Some people love meat and potatoes. Boiled, baked, mashed, sautéed if they’re feeling adventurous–but nothing too exotic. Beef gravy, thank you. Lamb of God’s self-titled eighth album is meat and potatoes. And that’s fine–the Richmond five-piece made their name worshipping at the hulking groove metal altar of Pantera. To call anything they’ve done experimental would be a stretch.
Sure, vocalist Randy Blythe has started implementing barely-sung clean melodies, and they used orchestration on a song eight years ago. But Frank Zappa, this is not. And again, that’s fine. They’re one of the 21st century’s most successful, red-blooded heavy bands for a reason: their songs are wicked.
Every chorus on ‘Lamb of God’ comes courtesy of Blythe’s idiosyncratic, drawled scream–it’s easy to imagine how massive some of these songs will sound from the pit when gigs eventually get going again.
Take Memento Mori’s “Wake up! Wake up! Wake uuuup!”, or Checkmate’s on-the-nose rallying cry, “The American Scream!”, or Bloodshot Eyes’ snotty, gurgled, “Bloodshot eyes and wasted time, you’re everything I left behind.”
The meatiness, the potatoiness, though. It can get a little filling at times. Poison Dream is fun, with Hatebreed’s Jamey Jasta popping up to shout in the one cadence he seems to know. But compared to some of the record’s singles, like the bowel-smashing New Colossal Hate, it’s a tad throwaway. It’s better than 99% of bands trying their hand at this thing, but in the company of top-tier Lamb of God, it suffers.
Still, ‘Lamb of God’ is invigorating. It’s got proper pace to it. Mark Morton and Willie Adler’s mixture of choppy chugging and bluesy, loose riffing is fresh as always, laying the foundations for new drummer Art Cruz, who does a sterling job.
Stepping into Chris Adler’s shoes is a thankless task, and the percussive performance on ‘Lamb of God’ is reminiscent of Jay Weinberg replacing Joey Jordison for Slipknot’s ‘.5: The Gray Chapter’. Will you notice Adler’s absence, as a fan? Perhaps. Will anyone else? No. Cruz is a beast and keeps us on our toes where he can. One tiny death metal blast during On The Hook is painfully brief, but it ticks that same box Adler frequently did: invention.

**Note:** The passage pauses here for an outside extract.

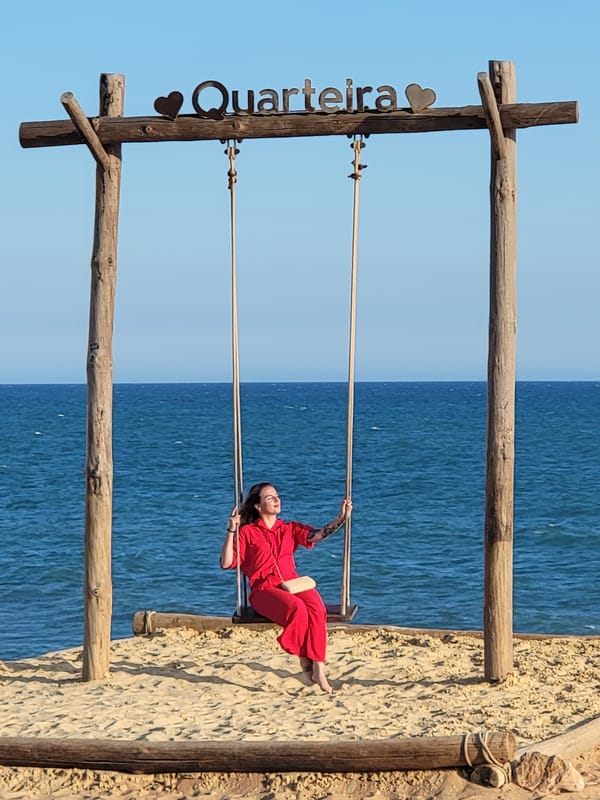 Beach swing set in Quarteira draws a crowd on a July evening.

Lamb of God fans will lap this up. Devotees of The Riff™ will devour it. This eponymous lump of metal kicks around similar levels of quality to the band’s prior records, ‘VII: Sturm und Drang’ and ‘Resolution’. It’s relatively concise, all the songs achieve a high hit rate, and the few moments you could describe as ‘weak’ only seem so due to the ludicrously high bar that’s been set over the past two decades. If every song on ‘Lamb of God’ was as savagely suffocating as the one-two finale of Bloodshot Eyes and On The Hook, we’d have an album of the year contender on our hands.